When we first acquire a new system, or replace a system, we know what the operating parameters as well as what the systems purpose is. However as time progresses, what will happen is that human interaction and needs will require for the alteration or modification of the system to fit the current mission or demand. By changing operating parameters or modifying the system as a whole or one of the subsystems we can expose new risks due to the non-standard use of the system. Without a proper risk assessment, one can be put into an uneasy situation.

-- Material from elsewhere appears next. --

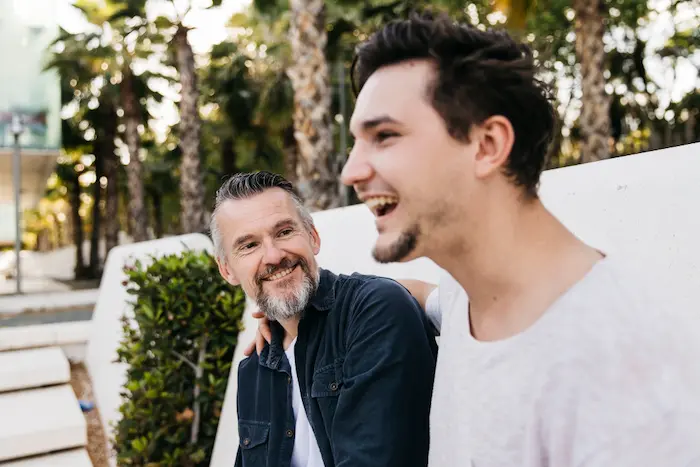 chico conversando con su padre contentos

For example here at the flight training department we use the Piper Arrow, as our single engine complex trainer. The term Complex means an aircraft that has retractable landing gear, wing flaps, and a constant speed propeller. However the only portion that we want to focus on right now is the landing gear, since the gear retracts and stows into the fuselage during flight to improve performance it must also come down at the end of the flight to allow the airplane to land. However because of human interaction, there is the risk of the aircraft landing gear up if the pilot were to not remember to extend the gear on approach to landing. To help mitigate this risk from becoming a mishap due to our large operation, we installed radio altimeters and an aural (speech) alerting system that would alert us of the gear not being down and locked. However since this was a modification to the current gear alerting system, we had to go through multiple modifications to the aural alert system.
Thus in conclusion, the systems in use are usually either evolving as our needs for the system change, or we replace the old system with a new one. However the replacement of a system can be costly and thus modifications or additions are more attractive means of expanding the life cycle of a system. We however want to take note that we want to try and keep tabs on new risks and hazards arising from these additional subsystems.